ヤングケアラーを深く理解し、参加者が新たな気づきや知見を得られる機会となるよう寸劇、パネル展示、けあバナトークセッション、そして「ヤングケアラーの気持ちが動くとき」と題し成蹊大学教授の澁谷智子先生の基調講演とヤングケアラーに関わる支援者の皆さまとのシンポジウムを行いました。
パネル展示・カフェ利用を含めたイベント全体では、延べ123人のご参加がありました。申込制の企画については、延べ104人にご参加いただきました。
寸劇ワークショップ
12歳のケンタさんは、お母さんと弟のケヤキさんの3人家族です。ケンタさんのお母さんは病気で、手足に麻痺やしびれがあり動くことに難しさを抱えています。
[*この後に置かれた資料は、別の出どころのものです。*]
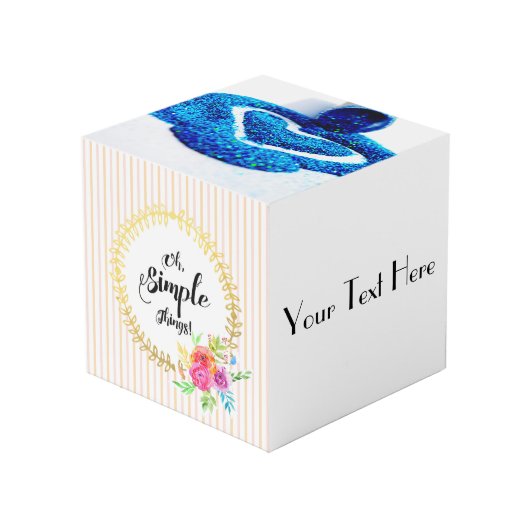 Eenvoudige dingen. kubus (Voorkant hoekig)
弟のケヤキさんは、特別支援学級に通っています。ケンタさんの一日は、こんな感じです・・・
ケンタさんは、朝ご飯作りに洗濯と朝から大忙しです。弟を特別支援学級に送り、ケンタさんは学校に遅刻してしまいました。しなければいけないことが増えるたび、ケンタさんが持つ荷物は増えていきます。学校が終わると家に帰り、夕食の買い物に出かけます。介護や家事のため、学校の宿題が出来なかったりします。先生がそんな様子のケンタさんを気遣い、声をかけます。事情を理解した先生から学校を通じて市の機関につながり、さらにさまざまなサポートとケンタさん家族がつながってゆきます。生活支援のヘルパーさんも来てくれるようになり、負担が減ることでケンタさんは遊びや勉強、悩みの相談もできるようになりました。
この寸劇を見た後、参加者がグループに分かれ、自分だったらどのような声かけや対応ができるのか、その子どもの願いや希望は何かなどについて、意見交換を行いました。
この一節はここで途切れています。